No one who matters will look at her twice .

The words made her ribs hurt and her nose burn. Safety, yes. But if no one looked at her, who would remember her? Who would believe Sansa Stark had ever been?

“You will dye it?”

“I can,” he said, and then, with the same care he used at the latch, “or we can find a woman in the next cove. It will hold better if done by hands that do this work. And if anyone sees, they’ll only think a fussy father wanted his bastard tidy. Her hair would be no one’s concern.”

“I would rather a woman,” she said. It came out quickly again.

He nodded, as if he had expected her response all along.

He sat then, at last, and eased the cup to a rest. The ship moved, the cup slid, and he caged it with two fingers. His hands were not a lord’s hands. They were neat, nails clean, but there was a fierceness in the knuckles, small old scars across the back. She remembered her father’s palm on her shoulder, Sandor Clegane’s rough grip on her arm, Joffrey’s pale fingers stinging across her cheek. Every man’s hand had left its weight behind. She did not yet know what weight Petyr’s would leave.

“Alayne must be more than hair,” he said. “She must bow differently. Not the practiced grace of a lady, but the quick dip of a girl who knows her place. She shows respect without drawing notice.”

And me, she thought, where do I go? Do I hide in the hair beneath the dye, or in the plain wool I'm sure to wear?

“My father’s house,” he said, “is small. The walls have heard worse lies than ours. We will use it as practice. When we climb to the Eyrie, your Aunt Lysa will meet my Alayne.”

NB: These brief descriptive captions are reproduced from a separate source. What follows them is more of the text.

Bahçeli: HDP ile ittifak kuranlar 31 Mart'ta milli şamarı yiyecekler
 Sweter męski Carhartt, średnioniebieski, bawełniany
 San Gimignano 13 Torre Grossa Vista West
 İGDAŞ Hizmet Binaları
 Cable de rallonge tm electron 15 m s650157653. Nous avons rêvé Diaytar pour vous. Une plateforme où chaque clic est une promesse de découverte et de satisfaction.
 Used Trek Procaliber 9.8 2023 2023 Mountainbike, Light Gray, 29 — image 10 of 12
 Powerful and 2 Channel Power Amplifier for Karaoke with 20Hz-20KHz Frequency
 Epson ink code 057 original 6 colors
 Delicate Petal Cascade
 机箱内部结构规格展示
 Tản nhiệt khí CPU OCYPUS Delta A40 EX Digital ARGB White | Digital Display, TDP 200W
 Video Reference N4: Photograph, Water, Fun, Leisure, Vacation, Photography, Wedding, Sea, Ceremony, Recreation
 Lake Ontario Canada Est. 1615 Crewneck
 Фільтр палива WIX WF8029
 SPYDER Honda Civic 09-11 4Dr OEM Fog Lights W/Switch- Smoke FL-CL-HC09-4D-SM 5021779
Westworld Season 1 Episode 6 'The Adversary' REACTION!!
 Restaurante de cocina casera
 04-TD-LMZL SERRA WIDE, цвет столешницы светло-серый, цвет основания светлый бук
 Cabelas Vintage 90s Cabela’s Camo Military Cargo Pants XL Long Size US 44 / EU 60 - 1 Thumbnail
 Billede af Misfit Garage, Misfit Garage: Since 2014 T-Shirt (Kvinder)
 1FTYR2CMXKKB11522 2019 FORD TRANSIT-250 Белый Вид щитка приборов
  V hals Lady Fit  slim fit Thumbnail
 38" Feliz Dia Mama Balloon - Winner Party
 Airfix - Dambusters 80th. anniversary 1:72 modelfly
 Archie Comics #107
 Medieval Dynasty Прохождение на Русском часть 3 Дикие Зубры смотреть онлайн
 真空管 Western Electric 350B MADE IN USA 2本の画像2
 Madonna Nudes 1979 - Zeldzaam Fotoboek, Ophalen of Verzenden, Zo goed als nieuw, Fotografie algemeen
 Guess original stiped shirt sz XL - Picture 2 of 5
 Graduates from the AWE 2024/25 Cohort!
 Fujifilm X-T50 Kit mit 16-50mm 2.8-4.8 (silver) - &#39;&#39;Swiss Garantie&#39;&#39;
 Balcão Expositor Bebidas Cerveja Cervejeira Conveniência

“Your father’s house,” Sansa said carefully. She'd not put much thought into the origins of Littlefinger. He grew up beside her mother and kin, not so different from Theon in Winterfell.

“Yes. Practice first,” he continued. “For once we reach the Vale, there will be no room for slips. Lady Lysa must be pleased. She does not want surprises. And you will not be one."

“So I must be small."

“For a time,” the smile did not reach his eyes, but it reached his voice. “You will be a girl from the Fingers with a neat curtsey and a shy voice. She will like that. It will calm her.”

 

She said no more after that. The days blurred in the dark of the cabin, marked only by Petyr’s visits and the muffled clamor of men above her head. Her world shrank to the steady slap of waves against the hull. When shouts drifted through the boards, she pictured a crowded hall with cups slamming on wood. When the ropes groaned, she saw rough hands hauling them, faces burned by wind and salt.

When they anchored at a fishing village, Petyr brought her out. A woman led her into a back room and worked the paste into her hair with quick, rough fingers. The smell of it turned her stomach, bitter and sharp. Her brows were stained dark to match, but the pale lashes against the new color made her look hollow and strange. When the woman placed a mirror before her, she barely recognized the face staring back.

She must have frowned, because the woman clicked her tongue and said she had her father’s look now, and that such a thing would make him glad.

Yes. My father would have loved this.

She could almost see him, broad-shouldered and solemn, shaking his head the way he did when Arya came in with mud on her boots. Her mother’s red hair had been his favorite color in all the world. He had once said he hoped Sansa’s would darken to match it. Never in a thousand years would he have guessed she would be dying it to this dull, ugly shade of river silt.

I’m sorry, she thought, but you would want me safe, even with hair the color of mud.

As Petyr said, her hair was not the only thing she must change. He began lessons that very evening. Alayne was meant to be a girl of the Fingers, and her northern tongue would betray her the moment she opened her mouth.

Hour after hour he made her repeat words after him, plain things that turned strange in her mouth.

“Bread.”

“Water.”

“Market.”

She could barely hear the difference, but Petyr was never satisfied. He caught invisible sounds that gave her away.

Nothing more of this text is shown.